Work instructions
Output the whole listing exactly, except for the pictures in it.
■ ■ ■ ■ ■ ■ ■
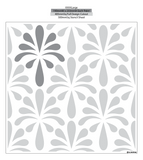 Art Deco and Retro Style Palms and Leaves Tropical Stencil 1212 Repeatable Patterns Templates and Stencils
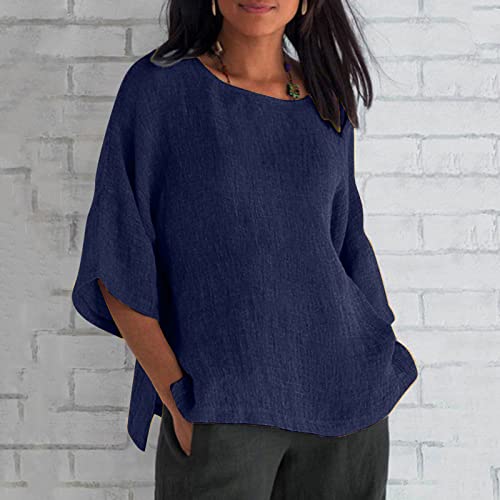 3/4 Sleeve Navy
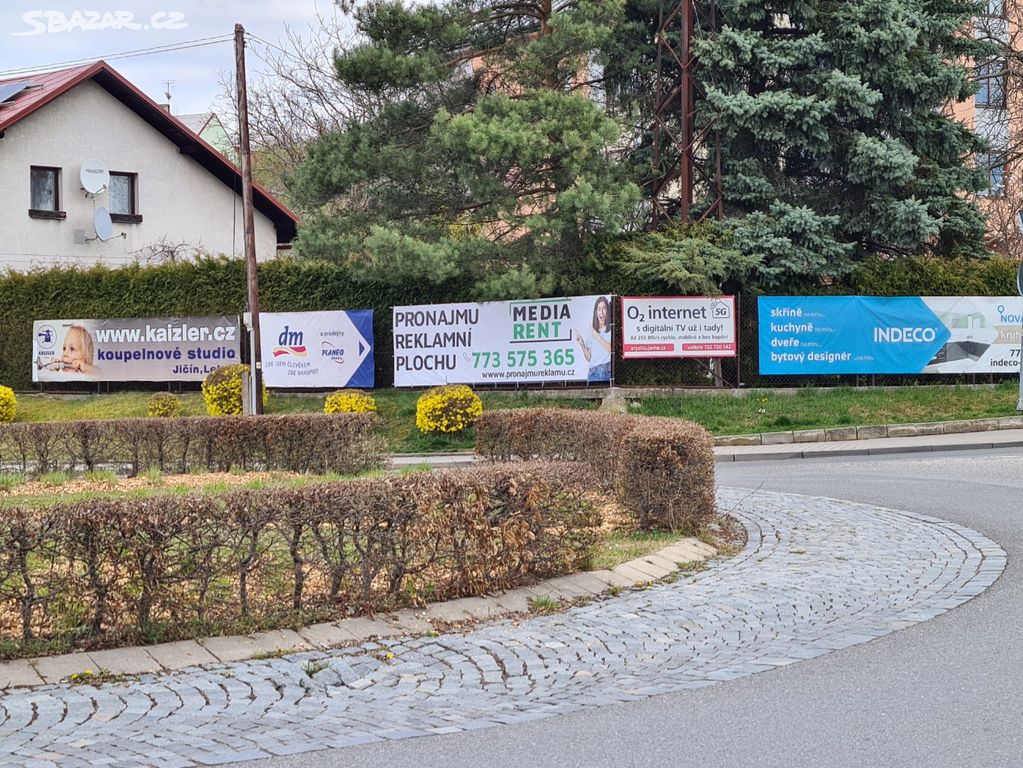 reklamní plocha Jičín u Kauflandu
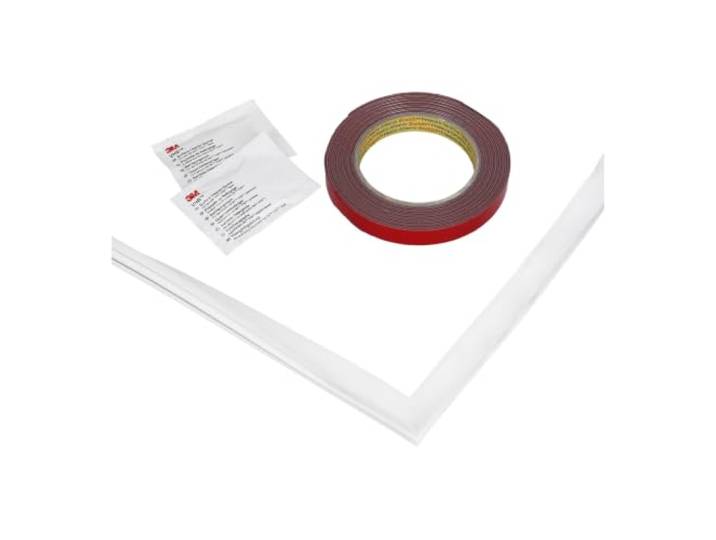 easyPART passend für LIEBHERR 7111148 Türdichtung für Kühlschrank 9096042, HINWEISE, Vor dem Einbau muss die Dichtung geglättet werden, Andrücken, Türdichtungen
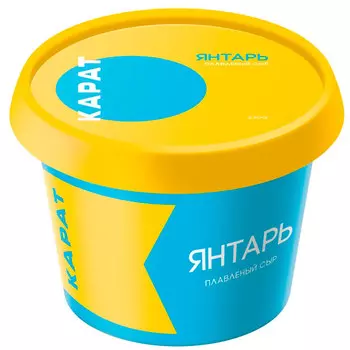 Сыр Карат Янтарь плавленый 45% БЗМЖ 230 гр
■ ■ ■ ■ ■ ■ ■
Reply to the exercise
 Art Deco and Retro Style Palms and Leaves Tropical Stencil 1212 Repeatable Patterns Templates and Stencils
 3/4 Sleeve Navy
 reklamní plocha Jičín u Kauflandu
 easyPART passend für LIEBHERR 7111148 Türdichtung für Kühlschrank 9096042, HINWEISE, Vor dem Einbau muss die Dichtung geglättet werden, Andrücken, Türdichtungen
 Сыр Карат Янтарь плавленый 45% БЗМЖ 230 гр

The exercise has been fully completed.